Over 20 million passengers use the airport annually, and their number increases by more than 10 percent every year. Obviously, the number of flights is large and also increasing annually. The growth increases air pollution as well. The airport has a strong commitment to environmental protection, so management has looked for an environmental control solution.
The objective was to make the airport carbon neutral. The large number of planes in the air and on the ground and the fact that airplanes frequently move require advanced technologies for the solution.
The Solution
A reasonable way to deal with moving airplanes was to use IoT, a technology that when combined with AI-based sensors enables environmental monitoring, analysis, and reporting, all of which provide the background information for decisions regarding minimizing the air pollution.
Two companies combined their expertise for this project: EXM of Greece, which specializes in IoT prediction analytics and innovative IoT solutions, and Libelium of the United States, which specializes in AI-related sensors, including those for environmental use. The objective of the project was to properly monitor air quality inside and outside the airport and to identify, in real time, the aircraft location on the ground and to take corrective actions whenever needed.
Ad Hoc Air Quality Monitoring and Analysis
The airport now has an air quality monitoring network.
The solution includes Libelium's sensor platform connected in a cost-effective manner. The different sensors measure temperature, humidity, atmosphere pressure, ozone level, and particulate matter. The readings of the sensors are transmitted to IoT for reporting and then analysis. The sensors were improved by using AI features. Therefore, their accuracy increased. In addition, security and energy consumption are also being controlled.

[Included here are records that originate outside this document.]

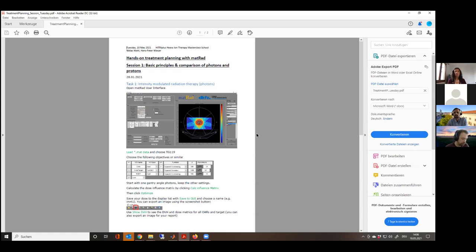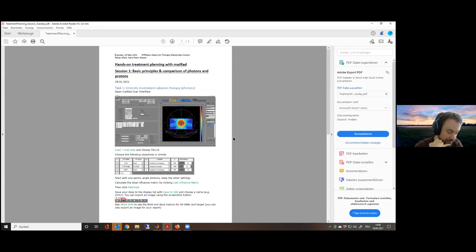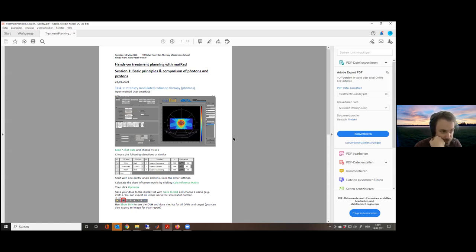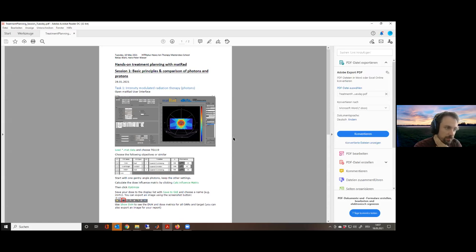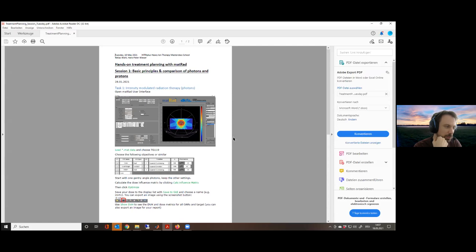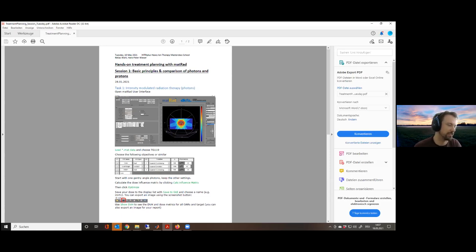To understand why proton and ion therapy is becoming so popular, it's always good to compare to photons — to see how different the plans look and how different it feels to create those plans. I want to remind you that the planning we do is simplistic. State-of-the-art treatment planning methods can become insanely complex, involving automatic beam angle selection and numerous techniques.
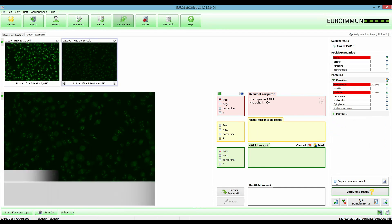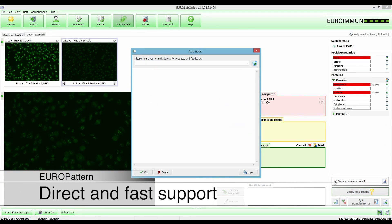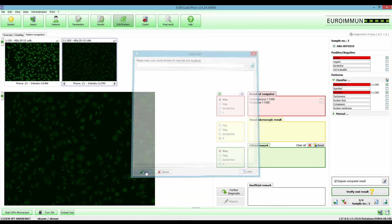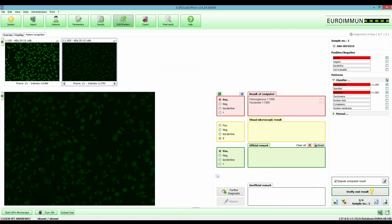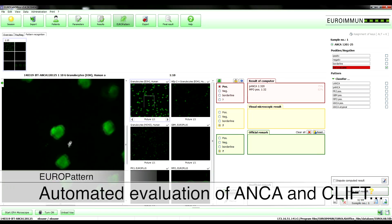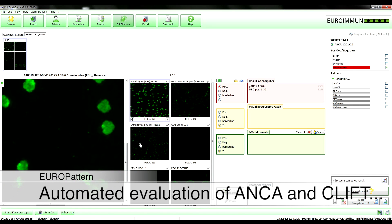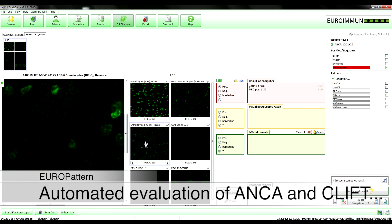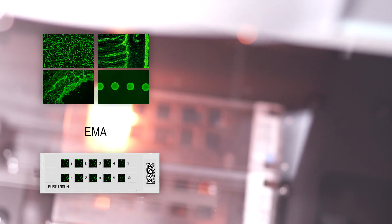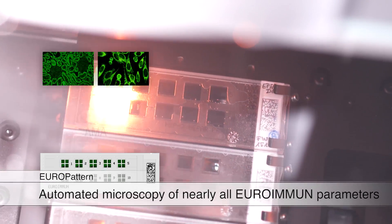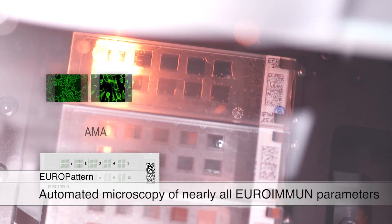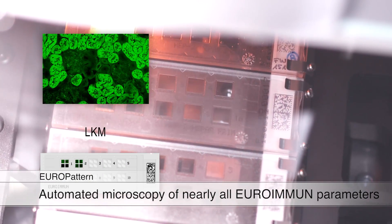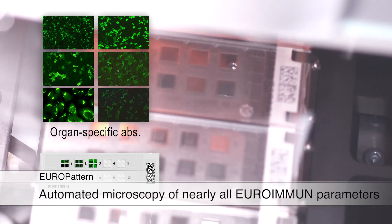In case a technical or diagnostic question comes up, the Euroimmune expert support can be requested directly per mouse click from the result overview. Automated evaluation by EUROPATTERN is available not only for ANA and ANKR but also for CLIFT and other analyses. Automated image capturing for subsequent on-screen diagnostics is possible for virtually all further Euroimmune parameters.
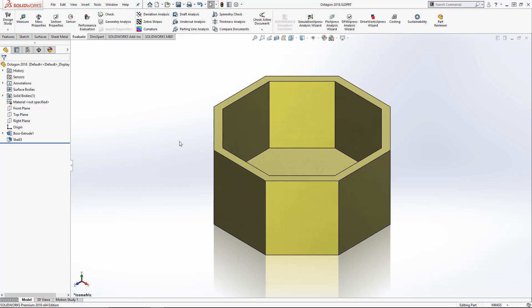Hi, my name is Ricky Nguyen, and I'm a senior application engineer at Hawkridge Systems, and today we're going to be taking a look at the enhancements of SOLIDWORKS measure tool in 2018.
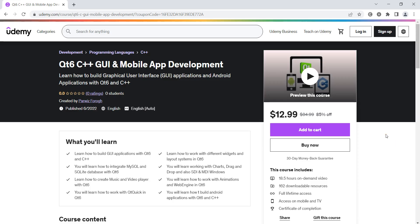Hi friends, I'm Parwate and welcome to my new course on Qt 6 C++ GUI and Mobile App Development. In this course, we're going to learn how to build graphical user interface applications and mobile applications, or Android applications, using Qt and C++ programming language.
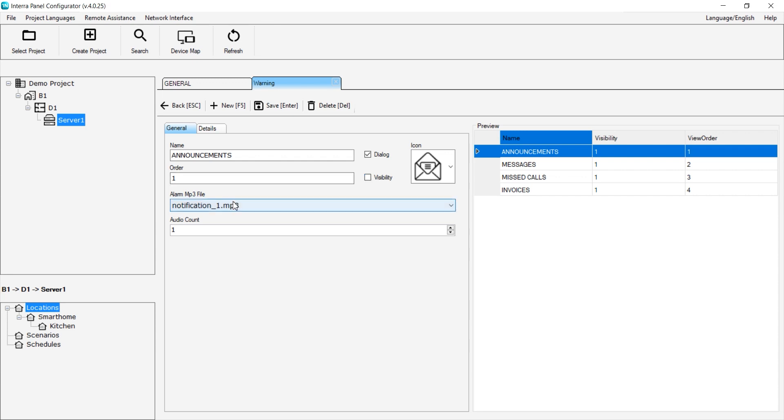Alarm MP3 file allows you to select the alert sound for the warning. Audio count determines how many times that sound should play.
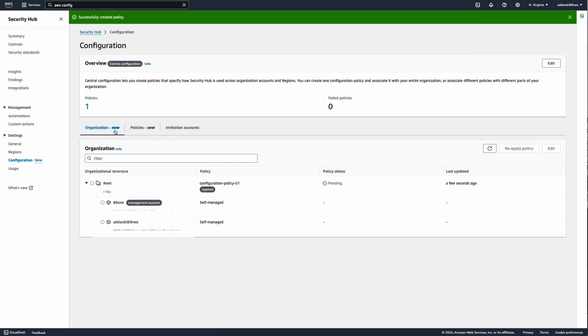If you go to the organizations tab, you'd be able to see your organization structure where you have the root and all the other accounts.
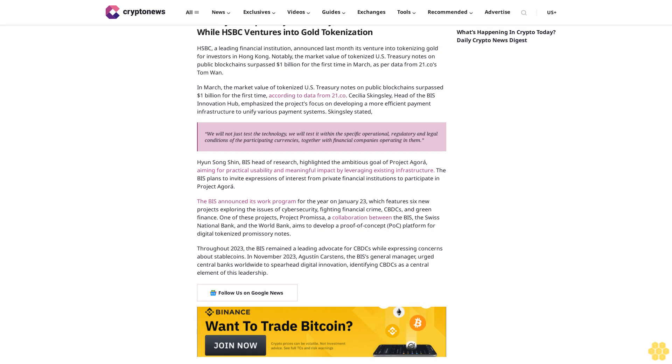Central banks worldwide to spearhead digital innovation, identifying CBDC as a central element of this leadership. Follow us on Google News.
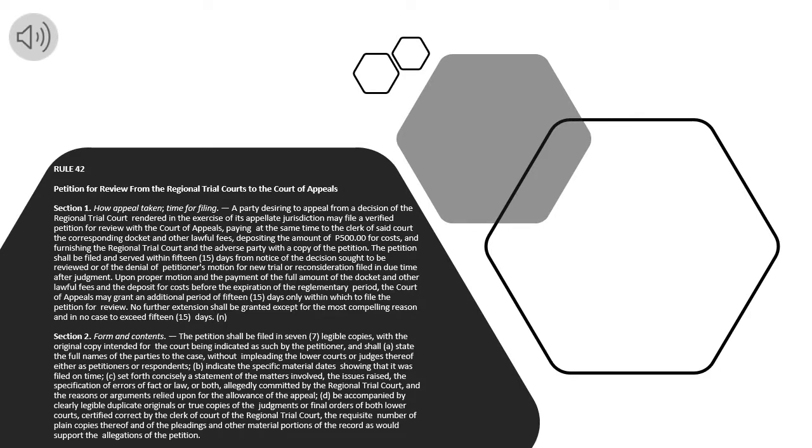Rule 42. Petition for Review from the Regional Trial Courts to the Court of Appeals. Section 1. How Appeal Taken, Time for Filing.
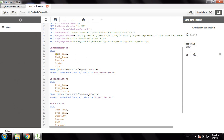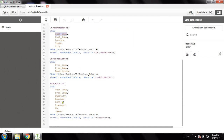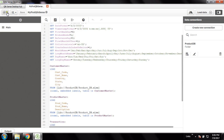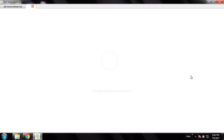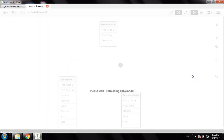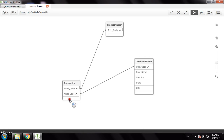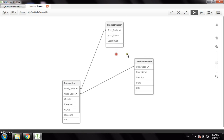Now let's go to the Qlik Sense detail. We have loaded these three tables. Here the key field is customer code which is the customer table's unique ID, and in the transaction table it is also there. Likewise the product code is in the transaction table. Based on this I could create the data model. If you want to see the data model viewer, you can see these three tables are connected to each other based on those key fields. This is the data model.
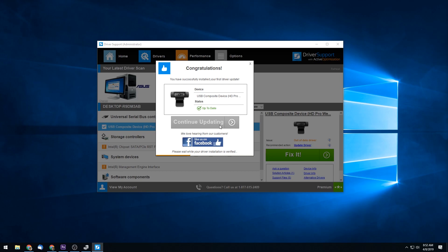So if you want to get your Realtek drivers updated, along with all of the drivers for every device in your computer, go ahead and look down below for the download link for Driver Support and give it a shot.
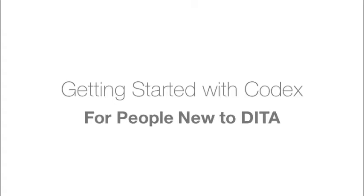This video will help you quickly get started using Codex to create better user manuals in less time and for lower cost than with word processing or desktop publishing software.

Aircraft Location at the Airport
To identify the exact location of the aircrafts during takeoff and landing, the project uses acoustic measurement mechanisms. This is accomplished by using noise sensors placed in different locations.
The sensors measure real-time noise level, which is evaluated by analytics. Overall, the system provides a noninvasive IoT solution.
Placement of sensors was difficult due to safety, security, and regulation considerations.
Therefore, the sound monitoring subsystem had to be self-managed (autonomous), bearing solar panels and batteries that provided the electricity. In addition, the system utilizes a dual wireless communication system (known as GPPS).
The collected noise data are correlated with types of airplane and flights at the IoT backend.
All data are analyzed by the airport environmental department and used for decisions regarding improvements of pollution control.
Technology Support
The solution combines an IoT system with AI-based analytics, visualization, and reporting and is executed in the cloud. In addition, the system has onsite sensors and communication infrastructures.
Low-power wireless sensors monitor water and gas consumption indoors as well as air quality in the parking sites. Vendors' products, such as Microsoft Azure and IBM Bluemix, support the project and provide the necessary flexibility.
Sources: Compiled from Hedge (2017) and Twenty man (2017).

Questions for Case 13.1
1. What is the role of IoT in the project?
2. What is the role of sensors?
3. What are the benefits of the project?